Gemini Advanced demonstrated superior performance with a 66% accuracy rate. Notably, ChatGPT-4 exhibited improvement at 62%, Gemini at 58%, and ChatGPT-3.5 served as the reference at 46%. Comparative analysis with residents offered insights into AI models' performance relative to human-level medical knowledge. Further analysis delved into yearly performance trends, topic-specific variations, and the impact of images on chatbot accuracy.
The study unveils nuanced AI model capabilities in ophthalmology, emphasizing domain-specific variations. The superior performance of Gemini Advanced superior performance indicates significant advancements, while ChatGPT-4's improvement is noteworthy. Both Gemini and ChatGPT-3.5 demonstrated commendable performance. The comparative analysis underscores AI's evolving role as a supplementary tool in medical education. This research contributes vital insights into AI effectiveness in ophthalmology, highlighting areas for refinement. As AI models evolve, targeted improvements can enhance adaptability across subspecialties, making them valuable tools for medical professionals and enriching patient care.
What is known AI breakthroughs, like ChatGPT and Google's Gemini AI, are reshaping healthcare. In ophthalmology, AI integration has overhauled clinical workflows, particularly in analyzing images for diseases like diabetic retinopathy and glaucoma. What is new This study presents a pioneering comparison between Gemini AI and ChatGPT, evaluating their performance against ophthalmology residents using a meticulously curated dataset derived from real-world ophthalmology board exams.
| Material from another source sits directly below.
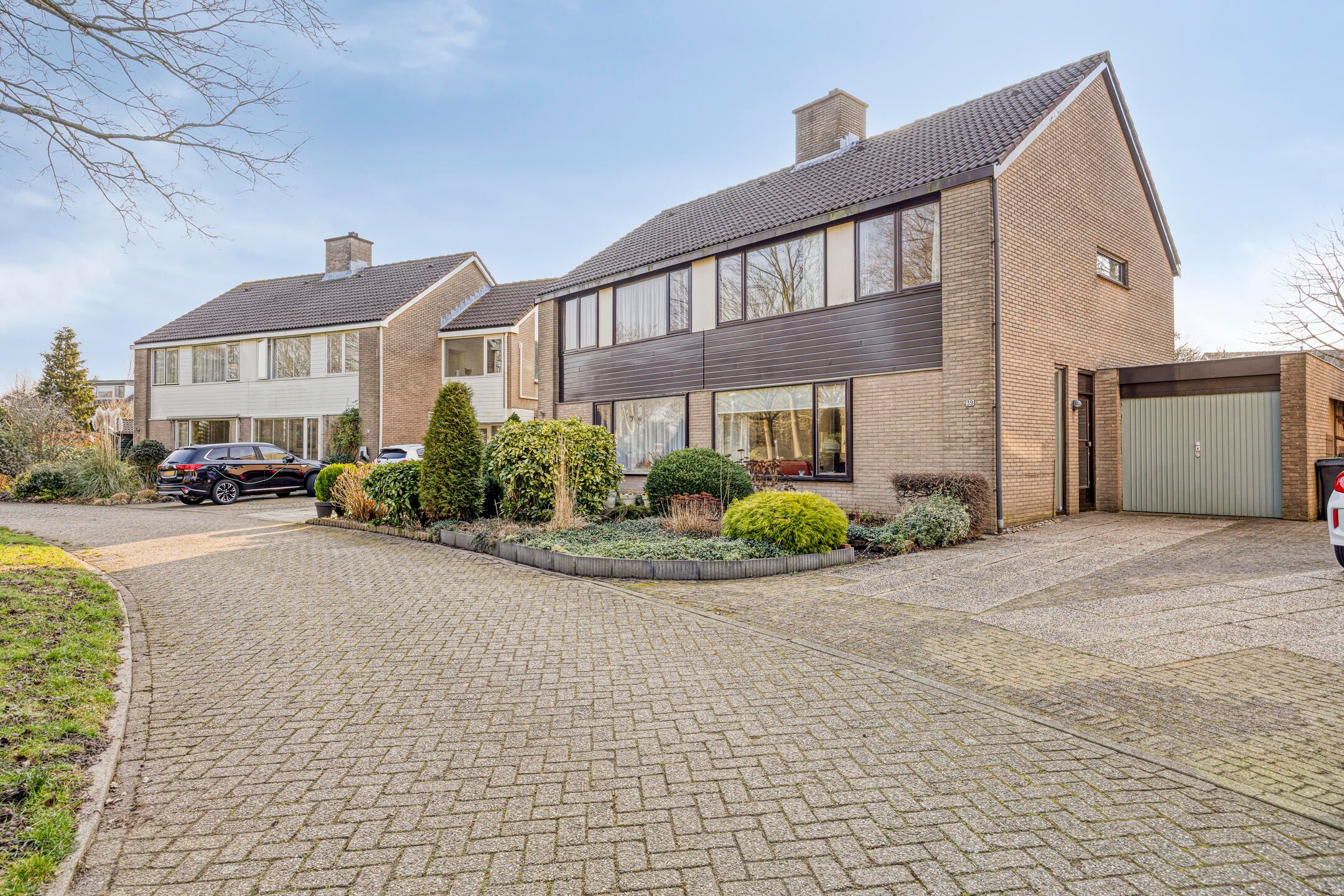 Foto van Goudriaanstraat 39, Zwaanshoek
Notably, Gemini Advanced demonstrates superior performance, showcasing substantial advancements, while the evolution of ChatGPT-4 also merits attention. Both models exhibit commendable capabilities. These findings offer crucial insights into the efficacy of AI in ophthalmology, shedding light on areas ripe for further enhancement and optimization.
人工智能(AI)的迅速发展,尤其是在ChatGPT和谷歌的Gemini AI等大型语言模型方面,标志着技术创新的变革时代。本研究探讨了AI在眼科领域的潜力,重点关注ChatGPT和Gemini AI的能力。虽然这些模型在医学教育和临床支持方面具有前景,但它们的整合需要全面评估。本研究旨在通过比较Gemini AI和ChatGPT,利用来自眼科委员会考试的数据集评估它们相对于眼科住院医师的表现,弥合文献中的差距。
从以色列眼科住院医师考试中整理出一个包含600个问题的数据集,涵盖12个亚专业,包括基于文本和图像的格式。四个AI模型——ChatGPT-3.5、ChatGPT-4、Gemini和Gemini Advanced——在这个数据集上进行了测试。该研究包括与以色列眼科住院医师的比较分析,采用特定指标进行性能评估。
Gemini Advanced表现卓越,准确率达66%。值得注意的是,ChatGPT-4的准确率为62%,有所提高,Gemini为58%,ChatGPT-3.5作为参考,准确率为46%。与住院医师的比较分析提供了关于AI模型相对于人类医学知识表现的见解。进一步分析深入研究了年度性能趋势、特定主题的差异以及图像对聊天机器人准确性的影响。
该研究揭示了AI模型在眼科领域的细微差别,强调了特定领域的差异。Gemini Advanced的卓越表现表明了重大进展,而ChatGPT-4的进步也值得关注。Gemini和ChatGPT-3.5都表现出了值得称赞的性能。比较分析强调了AI作为医学教育辅助工具的不断演变的作用。这项研究为AI在眼科领域的有效性提供了重要见解,突出了有待改进的领域。随着AI模型的发展,有针对性的改进可以提高各亚专业的适应性,使其成为医疗专业人员的宝贵工具,并丰富患者护理。
已知的情况AI突破,如ChatGPT和谷歌的Gemini AI,正在重塑医疗保健。在眼科领域,AI的整合彻底改变了临床工作流程,特别是在分析糖尿病视网膜病变和青光眼等疾病的图像方面。新的情况本研究对Gemini AI和ChatGPT进行了开创性的比较,使用精心整理的来自实际眼科委员会考试的数据集评估它们相对于眼科住院医师的表现。值得注意的是,Gemini Advanced表现卓越,展示了重大进展,而ChatGPT-4的演变也值得关注。两个模型都表现出了值得称赞的能力。这些发现为AI在眼科领域的功效提供了关键见解,揭示了有待进一步加强和优化的领域。